"We are a manufacturing company selling mostly through regional distributors nationwide. We recently organized a distributor convention where we learned that our distributors are usually overstocked with slow-moving SKUs and under-stocked with fast-moving ones. As a result, we were losing about 18% in sales every month while our distributors were at least two weeks overstocked. Our distributors submit their monthly inventory reports to our distributor sales specialists but no one in our office is in charge of collating and analyzing them. We intend to hire someone to monitor inventory reports and were wondering if you have a 'formula' on how to ensure that inventories are just right and that reports submitted to us are accurate." - Dean Carpio

Your question brings to mind the Vendor-Managed Inventory (VMI) concept.
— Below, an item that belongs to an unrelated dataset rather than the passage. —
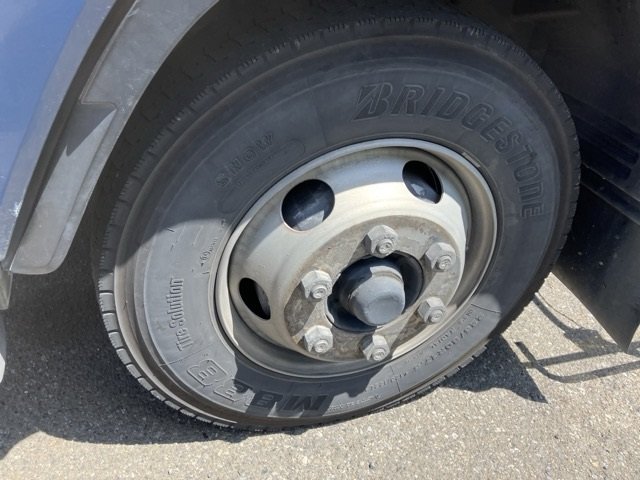 2011 Tank Truck Isuzu Forward PKG-FRR90S1 - Image 10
In a supplier-distributor relationship, VMI is applied when the distributor of your products provides you with information, like how much on average they sell to customers per stock keeping unit (SKU), and you take full responsibility for maintaining your pre-agreed inventory level. For this to work faster and more accurately, companies install an information system which sends and receives information electronically via Internet or Electronic Data Interchange (EDI).

If you don't yet have a centralized system that captures and analyzes inventory and sales data from your distributors, I strongly suggest you consider installing an internet-based information system soon as a tool to better understand your business and customers. It's not as expensive as most people think, but here's the 'formula' that you can use for now.

The agreed inventory level that a distributor must keep at any given time to avoid over or under stocking is the Inventory Control Objective or Target Inventory Level. You can invent your own title, but for now let’s call it the Agreed Inventory Level (AIL).

There are four variables in our AIL:

Frequency of Ordering (FO). This refers to how many times in a selling cycle the distributor places an order from your company. It is important to fix the schedules and frequency of ordering for better planning and inventory management. You may fix the frequency of ordering once a month, every other week, or weekly. The frequency may vary per distributor.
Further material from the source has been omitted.